Did you catch the extra emphasis there, the double negative response to the inquiry of the religious representatives? “He confessed and did not deny it, but confessed…” Seems to me a point is being made, don’t you think?
“I am not the Messiah,” John tells them. “He confessed and did not deny it, but confessed, ‘I am not the Messiah.'”
There’s a whole lot of denying going on here. Sounds like John’s going to a lot of trouble to tell these folk who he is not, and John the gospel writer is going to at least an equal amount of effort to back up the baptizer’s story. John the gospel writer is confirming what John the baptizer is saying. He is not who he says he is not. Got it?
“What then?” they want to know. “Are you Elijah?” “I am not.”

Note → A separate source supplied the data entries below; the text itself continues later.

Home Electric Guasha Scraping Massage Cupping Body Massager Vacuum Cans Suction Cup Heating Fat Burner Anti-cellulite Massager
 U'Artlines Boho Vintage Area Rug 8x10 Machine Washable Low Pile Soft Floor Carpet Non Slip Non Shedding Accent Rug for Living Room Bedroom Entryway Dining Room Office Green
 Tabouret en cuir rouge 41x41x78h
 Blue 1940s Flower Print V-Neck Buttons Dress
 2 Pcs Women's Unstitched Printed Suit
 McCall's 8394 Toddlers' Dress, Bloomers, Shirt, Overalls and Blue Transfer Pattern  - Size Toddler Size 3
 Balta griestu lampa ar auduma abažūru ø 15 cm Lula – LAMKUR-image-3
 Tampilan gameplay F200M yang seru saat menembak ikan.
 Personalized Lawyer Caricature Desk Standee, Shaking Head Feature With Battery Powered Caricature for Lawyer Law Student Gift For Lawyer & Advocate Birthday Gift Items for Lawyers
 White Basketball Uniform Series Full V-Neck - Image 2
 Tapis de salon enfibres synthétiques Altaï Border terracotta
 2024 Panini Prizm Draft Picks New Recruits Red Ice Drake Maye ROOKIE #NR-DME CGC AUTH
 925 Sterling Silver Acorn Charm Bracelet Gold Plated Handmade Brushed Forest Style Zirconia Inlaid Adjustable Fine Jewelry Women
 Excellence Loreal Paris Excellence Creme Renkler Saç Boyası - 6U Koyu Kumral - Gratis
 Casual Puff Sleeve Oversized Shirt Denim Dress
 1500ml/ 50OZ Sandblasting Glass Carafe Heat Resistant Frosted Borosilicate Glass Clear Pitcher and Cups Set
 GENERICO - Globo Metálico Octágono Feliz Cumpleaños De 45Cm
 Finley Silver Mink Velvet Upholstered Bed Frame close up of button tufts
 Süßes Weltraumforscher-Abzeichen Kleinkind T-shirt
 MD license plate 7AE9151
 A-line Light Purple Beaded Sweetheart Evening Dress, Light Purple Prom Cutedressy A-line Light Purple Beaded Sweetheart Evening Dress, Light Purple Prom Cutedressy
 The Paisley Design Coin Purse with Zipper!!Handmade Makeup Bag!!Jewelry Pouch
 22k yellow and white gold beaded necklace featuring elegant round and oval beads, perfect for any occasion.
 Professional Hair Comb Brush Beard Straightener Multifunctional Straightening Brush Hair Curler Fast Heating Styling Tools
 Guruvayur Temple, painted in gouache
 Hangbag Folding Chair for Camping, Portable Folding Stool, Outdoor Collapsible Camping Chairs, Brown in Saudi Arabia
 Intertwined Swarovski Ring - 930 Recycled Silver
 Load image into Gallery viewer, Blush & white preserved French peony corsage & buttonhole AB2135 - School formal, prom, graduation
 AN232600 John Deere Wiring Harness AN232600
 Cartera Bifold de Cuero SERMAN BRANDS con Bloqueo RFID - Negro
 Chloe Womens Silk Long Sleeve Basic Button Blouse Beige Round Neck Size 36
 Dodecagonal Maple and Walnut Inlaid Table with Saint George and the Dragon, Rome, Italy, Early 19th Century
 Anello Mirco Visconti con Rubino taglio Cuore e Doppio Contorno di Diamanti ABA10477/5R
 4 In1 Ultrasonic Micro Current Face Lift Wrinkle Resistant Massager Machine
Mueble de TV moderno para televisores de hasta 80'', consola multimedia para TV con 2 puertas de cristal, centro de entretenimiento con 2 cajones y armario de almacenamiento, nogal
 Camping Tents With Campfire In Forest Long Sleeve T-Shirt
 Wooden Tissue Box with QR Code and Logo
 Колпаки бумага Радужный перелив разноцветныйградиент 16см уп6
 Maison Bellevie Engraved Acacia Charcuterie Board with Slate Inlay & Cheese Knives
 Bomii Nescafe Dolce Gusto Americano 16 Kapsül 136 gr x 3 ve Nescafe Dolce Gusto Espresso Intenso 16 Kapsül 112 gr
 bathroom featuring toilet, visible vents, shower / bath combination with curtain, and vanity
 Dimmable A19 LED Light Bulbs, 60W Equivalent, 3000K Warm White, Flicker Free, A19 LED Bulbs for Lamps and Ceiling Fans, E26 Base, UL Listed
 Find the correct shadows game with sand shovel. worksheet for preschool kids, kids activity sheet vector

“Are you the prophet?” “No.”
“Who are you?” Can you sense the growing frustration in the question? “Let us have an answer for those who sent us. What do you say about yourself?”
“I am the voice of one crying out in the wilderness, ‘Make straight the way of the Lord.'”
“I’m just a preacher.”
But lest we think it’s merely false modesty on John’s part, the other John – the one who wrote the gospel – underlines what the Baptist says about himself. He opens his gospel by talking about Jesus the Light, Jesus the eternal Word, coming into the world. But he also talks about John the Baptist…
“There was a man sent from God, whose name was John. He came as a witness to testify to the light, so that all might believe in him. He himself was not the light, but he came to testify to the light.”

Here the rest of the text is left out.